▶ [RECORDED DATA]:
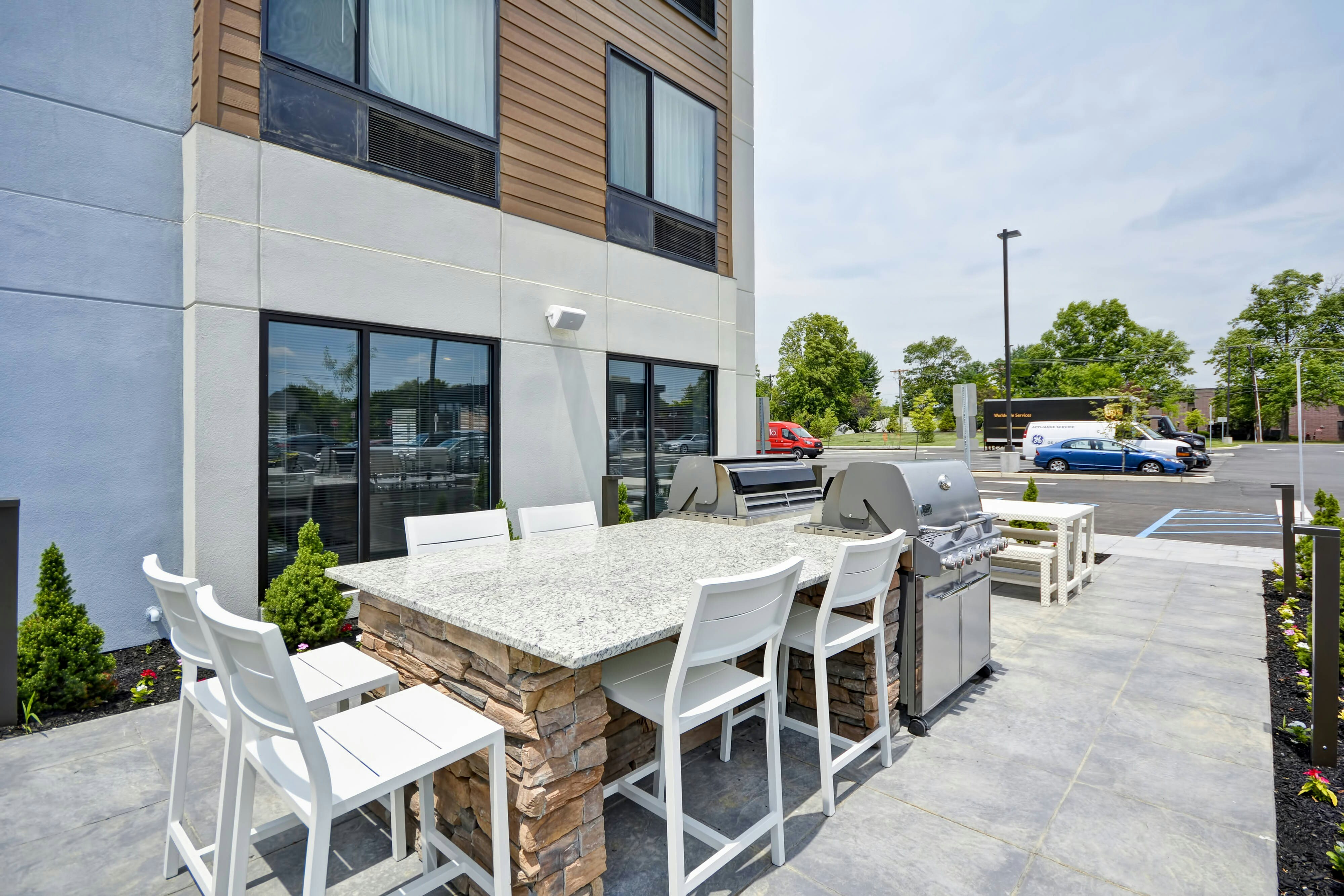 TOWNEPLACE SUITES CRANBURY SOUTH BRUNSWICK 30/50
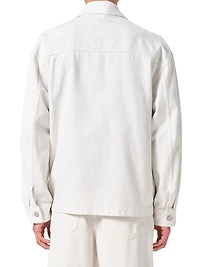 Agolde X RSVP Gallery Erving Shirt Jacket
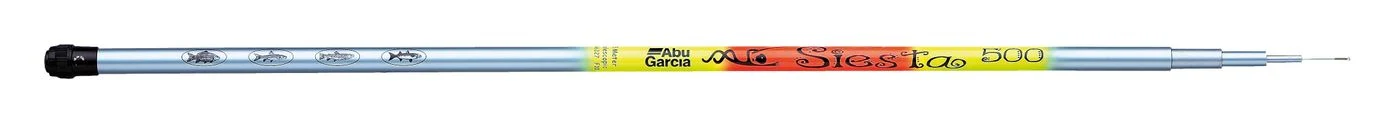 Abu Garcia Siesta Telescopic Pole 6.00m - Stipprute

▶ [WORK ORDER]: The response must repeat all the lines above exactly and include no pictures.

▶ [TASK ANSWER]:
 TOWNEPLACE SUITES CRANBURY SOUTH BRUNSWICK 30/50
 Agolde X RSVP Gallery Erving Shirt Jacket
 Abu Garcia Siesta Telescopic Pole 6.00m - Stipprute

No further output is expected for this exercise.